Exercise: From the line containing "36 Colonial Rd. Property Photo 25" through the last line of the material, copy every line exactly, both ends inclusive; do not copy pictures.

Supplied information:
================================
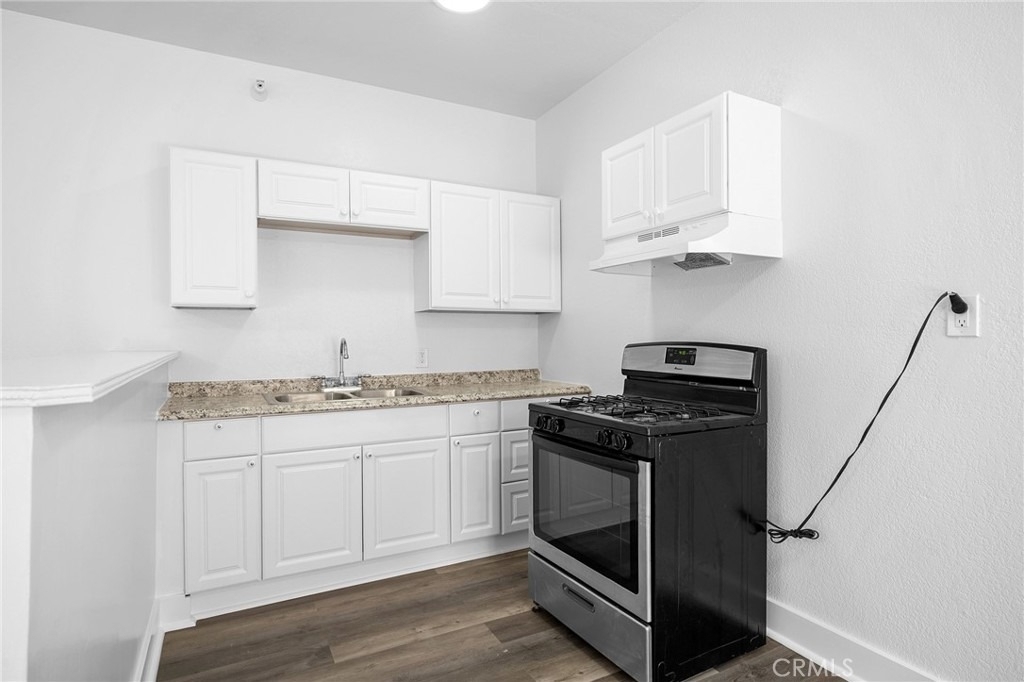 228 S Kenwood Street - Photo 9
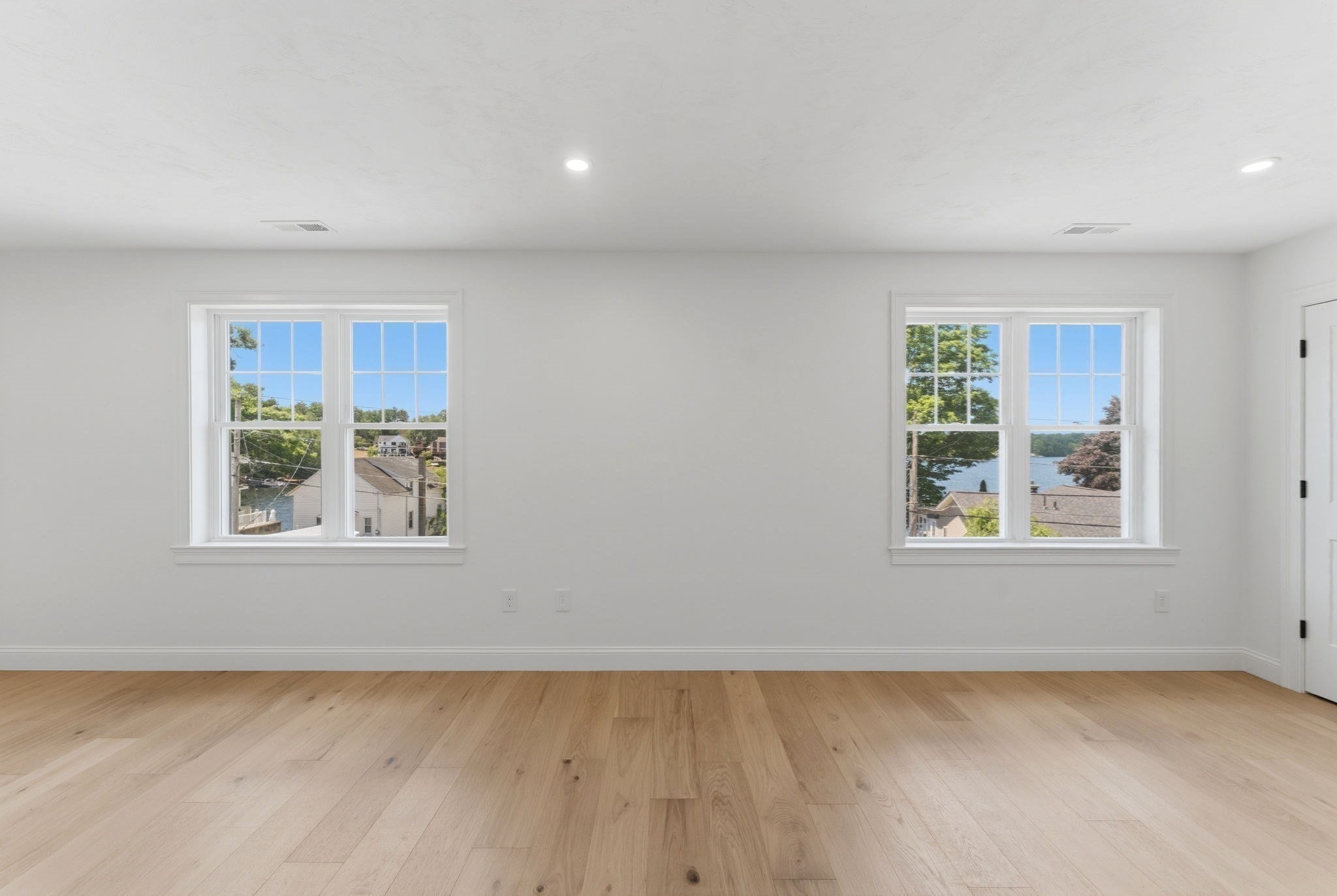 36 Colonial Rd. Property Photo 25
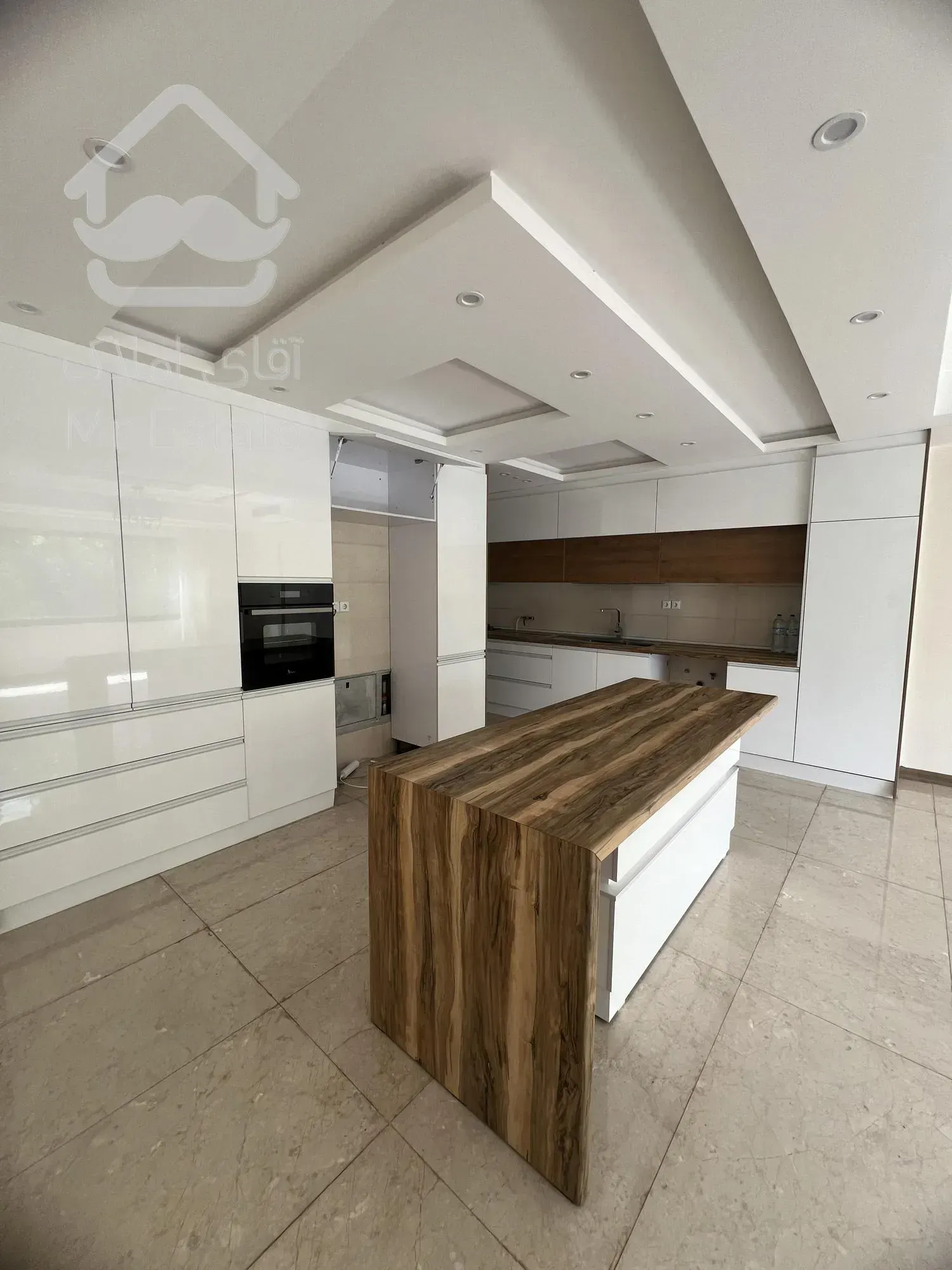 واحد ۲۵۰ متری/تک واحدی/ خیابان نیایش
================================
Final answer:
 36 Colonial Rd. Property Photo 25
 واحد ۲۵۰ متری/تک واحدی/ خیابان نیایش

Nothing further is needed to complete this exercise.